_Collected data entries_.
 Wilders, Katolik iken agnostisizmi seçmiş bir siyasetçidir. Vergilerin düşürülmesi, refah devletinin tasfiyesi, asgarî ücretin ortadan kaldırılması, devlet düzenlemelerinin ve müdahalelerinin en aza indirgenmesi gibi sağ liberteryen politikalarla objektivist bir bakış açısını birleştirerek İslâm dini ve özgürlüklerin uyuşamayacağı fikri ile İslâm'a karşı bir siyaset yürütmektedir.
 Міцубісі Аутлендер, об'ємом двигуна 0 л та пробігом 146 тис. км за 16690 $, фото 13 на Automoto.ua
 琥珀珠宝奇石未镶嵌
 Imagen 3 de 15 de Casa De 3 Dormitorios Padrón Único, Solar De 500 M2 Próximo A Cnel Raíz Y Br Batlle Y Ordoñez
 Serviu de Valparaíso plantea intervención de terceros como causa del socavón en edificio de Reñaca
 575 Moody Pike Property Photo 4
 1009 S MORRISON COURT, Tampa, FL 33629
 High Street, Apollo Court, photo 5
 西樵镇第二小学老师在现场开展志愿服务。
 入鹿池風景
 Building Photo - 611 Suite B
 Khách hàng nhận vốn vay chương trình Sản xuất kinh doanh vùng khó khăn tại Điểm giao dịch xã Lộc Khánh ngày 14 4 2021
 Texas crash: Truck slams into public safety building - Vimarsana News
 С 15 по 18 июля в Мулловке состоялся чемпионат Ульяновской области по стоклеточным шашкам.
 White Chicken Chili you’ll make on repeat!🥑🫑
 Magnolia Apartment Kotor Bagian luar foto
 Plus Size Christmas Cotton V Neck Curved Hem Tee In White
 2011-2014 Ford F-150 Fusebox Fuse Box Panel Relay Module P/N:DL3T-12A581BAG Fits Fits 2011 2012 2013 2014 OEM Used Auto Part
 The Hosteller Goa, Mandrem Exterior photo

_Task to complete_. Exactness is what counts here: write out every record again.

_The answer_.
 Wilders, Katolik iken agnostisizmi seçmiş bir siyasetçidir. Vergilerin düşürülmesi, refah devletinin tasfiyesi, asgarî ücretin ortadan kaldırılması, devlet düzenlemelerinin ve müdahalelerinin en aza indirgenmesi gibi sağ liberteryen politikalarla objektivist bir bakış açısını birleştirerek İslâm dini ve özgürlüklerin uyuşamayacağı fikri ile İslâm'a karşı bir siyaset yürütmektedir.
 Міцубісі Аутлендер, об'ємом двигуна 0 л та пробігом 146 тис. км за 16690 $, фото 13 на Automoto.ua
 琥珀珠宝奇石未镶嵌
 Imagen 3 de 15 de Casa De 3 Dormitorios Padrón Único, Solar De 500 M2 Próximo A Cnel Raíz Y Br Batlle Y Ordoñez
 Serviu de Valparaíso plantea intervención de terceros como causa del socavón en edificio de Reñaca
 575 Moody Pike Property Photo 4
 1009 S MORRISON COURT, Tampa, FL 33629
 High Street, Apollo Court, photo 5
 西樵镇第二小学老师在现场开展志愿服务。
 入鹿池風景
 Building Photo - 611 Suite B
 Khách hàng nhận vốn vay chương trình Sản xuất kinh doanh vùng khó khăn tại Điểm giao dịch xã Lộc Khánh ngày 14 4 2021
 Texas crash: Truck slams into public safety building - Vimarsana News
 С 15 по 18 июля в Мулловке состоялся чемпионат Ульяновской области по стоклеточным шашкам.
 White Chicken Chili you’ll make on repeat!🥑🫑
 Magnolia Apartment Kotor Bagian luar foto
 Plus Size Christmas Cotton V Neck Curved Hem Tee In White
 2011-2014 Ford F-150 Fusebox Fuse Box Panel Relay Module P/N:DL3T-12A581BAG Fits Fits 2011 2012 2013 2014 OEM Used Auto Part
 The Hosteller Goa, Mandrem Exterior photo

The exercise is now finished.